• _DESCRIPTION OF THE TASK_
From the entries below, reproduce exactly the line containing "Costco Employee Shows", the line containing "Tatiane Feiticeira emociona", and every line in between, with nothing added.

• _EXERCISE DATA_
-.-.-

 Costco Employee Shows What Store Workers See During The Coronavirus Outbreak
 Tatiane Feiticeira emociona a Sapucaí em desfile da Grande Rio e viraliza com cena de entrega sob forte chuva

-.-.-

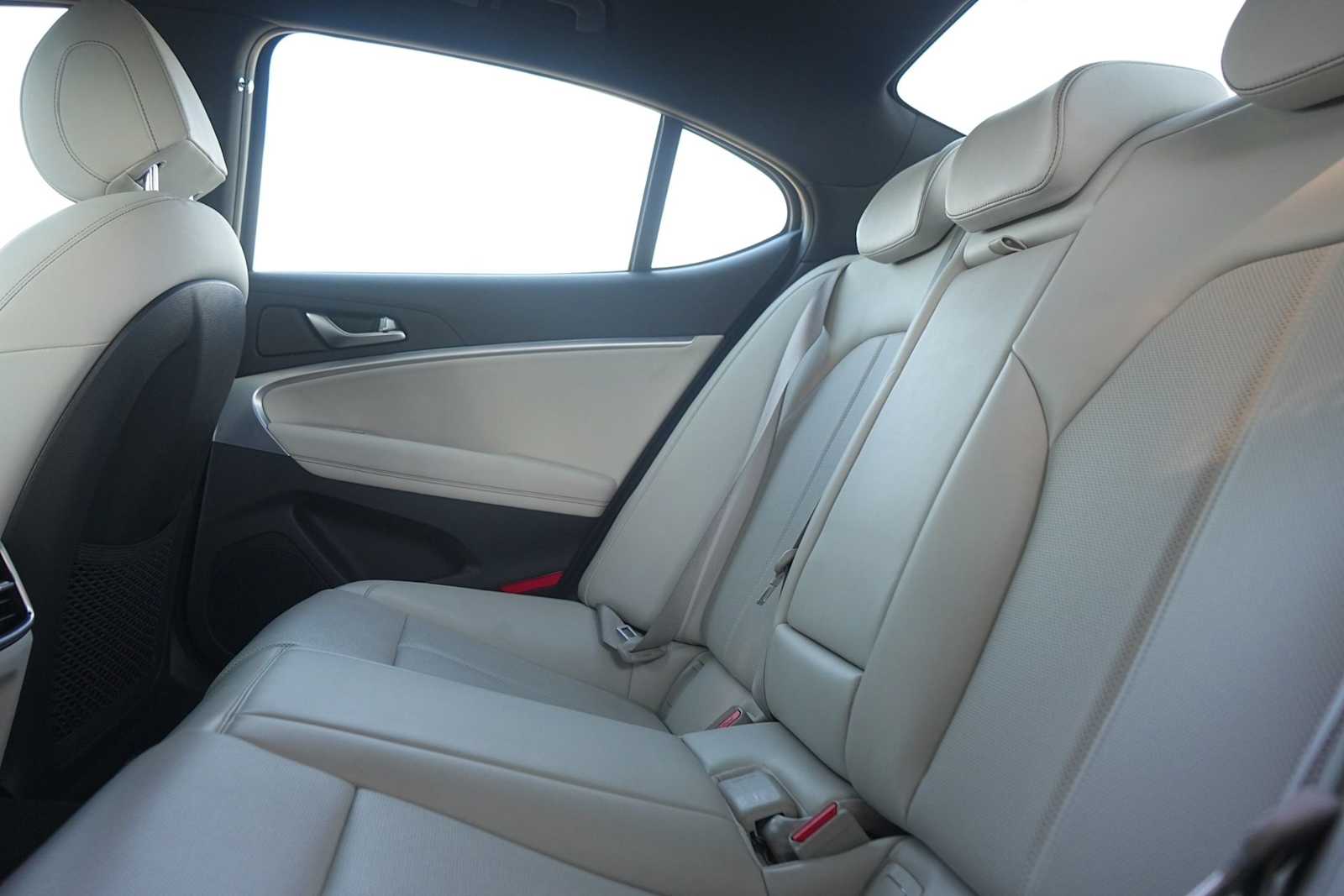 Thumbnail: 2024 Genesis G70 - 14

-.-.-

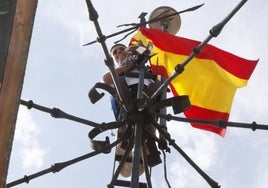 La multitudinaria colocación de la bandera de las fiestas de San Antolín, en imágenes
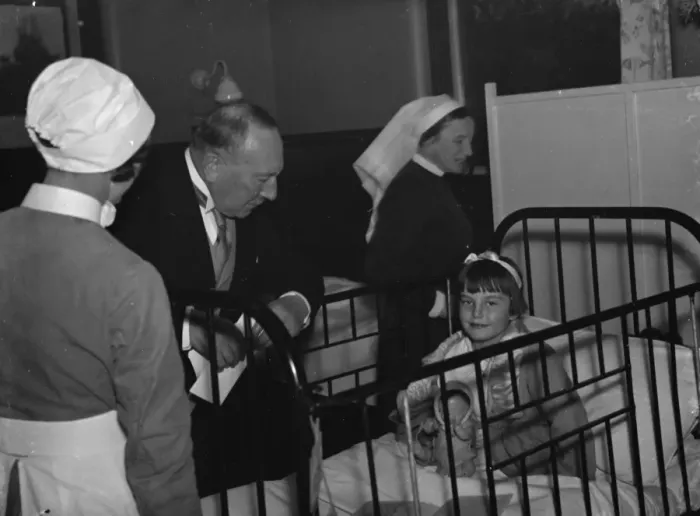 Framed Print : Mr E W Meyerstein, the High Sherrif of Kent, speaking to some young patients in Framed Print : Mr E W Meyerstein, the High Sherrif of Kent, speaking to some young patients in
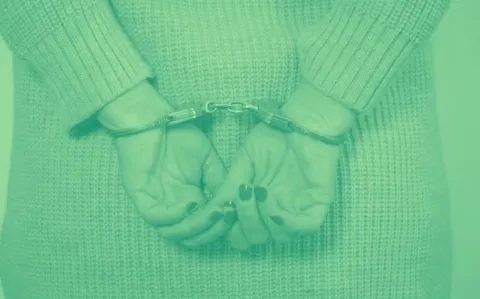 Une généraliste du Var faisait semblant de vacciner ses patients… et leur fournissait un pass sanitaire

-.-.-

• _RESPONSE AREA_
 Costco Employee Shows What Store Workers See During The Coronavirus Outbreak
 Tatiane Feiticeira emociona a Sapucaí em desfile da Grande Rio e viraliza com cena de entrega sob forte chuva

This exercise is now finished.